I'm still listening to Seeing White and today's episode (Season 2, Episode 12) was excellent. Its main subject is a Black photographer called Myra Greene, who made a series called My White Friends. Over the course of the work, Ms Greene was attempting to discover if she could distill the essence of whiteness into a photograph. 

By photographing friends, peers, and mentors, Greene visually ponders if photography can capture and describe the nuances of whiteness.  Do gesture and environment allude to a lived truth, a performance by the sitter, or stereotype implored by the photographer herself? These photographs offer descriptions instead of resolutions.  Readers charged with dissecting coded information, are confronted with their own notions of race.

One thing she mentioned in the podcast was that before she began this project, she'd been making self-portraits that made her react as if she looked like a slave, in Character Recognition

Am I nothing but black?

What happens when you're not in control of your own story? What happens when you're reduced to an impression? Who is the photographer?  

Today I also learned that Jim Crow is not a who, but a how to. State by state, between 1877 and the mid-60s, laws were written to define the "race caste system". There's a Jim Crow Museum of Racist Memorabilia in Michigan, just north of Grand Rapids. Here are some more actual Jim Crow laws (and there are more through the link above):
  • A black male could not offer his hand (to shake hands) with a white male because it implied being socially equal. Obviously, a black male could not offer his hand or any other part of his body to a white woman, because he risked being accused of rape.
  • Blacks and whites were not supposed to eat together. If they did eat together, whites were to be served first, and some sort of partition was to be placed between them.
  • Under no circumstance was a black male to offer to light the cigarette of a white female -- that gesture implied intimacy.
  • Blacks were not allowed to show public affection toward one another in public, especially kissing, because it offended whites.
  • Jim Crow etiquette prescribed that blacks were introduced to whites, never whites to blacks. For example: "Mr. Peters (the white person), this is Charlie (the black person), that I spoke to you about."
  • Whites did not use courtesy titles of respect when referring to blacks, for example, Mr., Mrs., Miss., Sir, or Ma'am. Instead, blacks were called by their first names. Blacks had to use courtesy titles when referring to whites, and were not allowed to call them by their first names.
  • If a black person rode in a car driven by a white person, the black person sat in the back seat, or the back of a truck.
  • White motorists had the right-of-way at all intersections.

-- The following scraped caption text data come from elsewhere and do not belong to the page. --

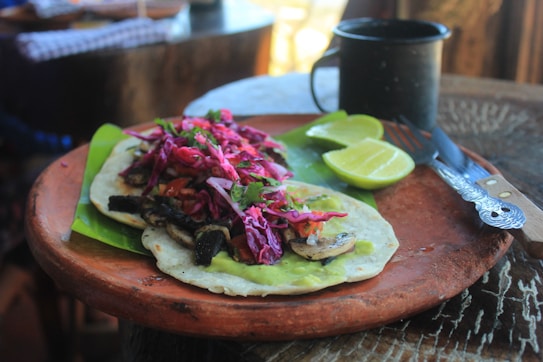 A rustic wooden table holds a clay plate with a taco topped with vibrant red cabbage, mushrooms, and greens on a bed of guacamole. A lime cut in halves sits beside it, along with a fork and knife. A dark-colored mug is in the background.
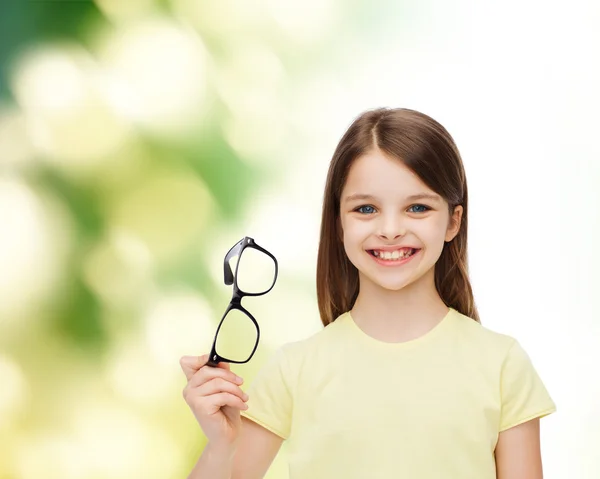 Sorrindo bonito menina segurando óculos pretos — Fotografia de Stock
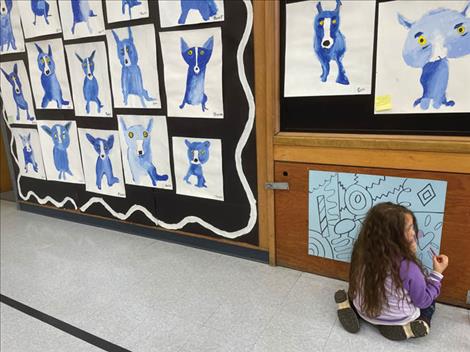  Farrah Banna helps fill in a coloring page next to a wall filled with blue dogs painted by students.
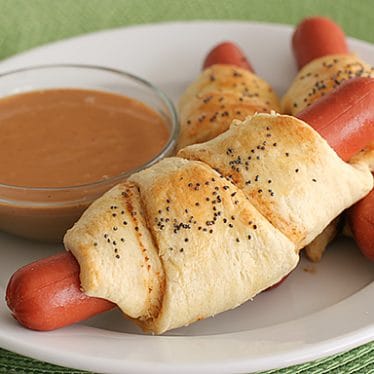 Cheesy Piggies in a Blanket with Come-Back Sauce | www.tasteandtellblog.com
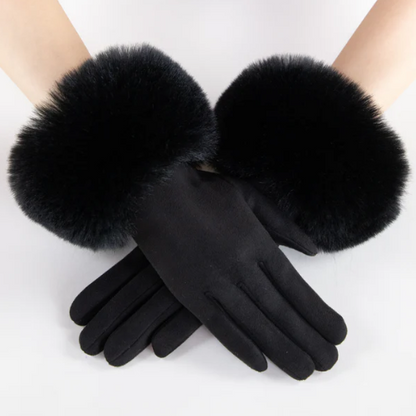 Black gloves with fur cuffs on a white background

These laws are about power and occupying space and forcing silence. I've never read them before. Imagine living under them your whole life.

I noticed too that Oprah had gathered people together to ask Where do we go from here? this week. She's been talking about racism since the 80s, and I knew I wanted to watch what she'd arranged. You can find the video on Facebook. She assembled a panel to discuss the question: Stacey Abrams, Bishop William J. Barber II, Charles M Blow, Mayor Keisha Lance Bottoms, Ava DuVernay, Jennifer Eberhardt, Nikole Hannah-Jones, Ibram X. Kendi, David Oyelowo, and Rashad Robinson. It is the first time I've seen a panel of eleven Black folks. It's the first time I've seen such a stellar panel of anyone.

Bad picture of the panel

The main things I noted were that police are at the bottom of the power chain; at the end of the leash. They're there to "protect property and control bodies". Charles Blow, who's an Op Ed writer at the New York Times explained that privilege is a seesaw: if you're up, someone else is down. And that yes, longer term answers to the question Where do we go from here? will have to be very specific and not impressionistic in the slightest, and will take us all a long time. 

The system we're in now is working as it was designed and is centuries old. I can hardly see it.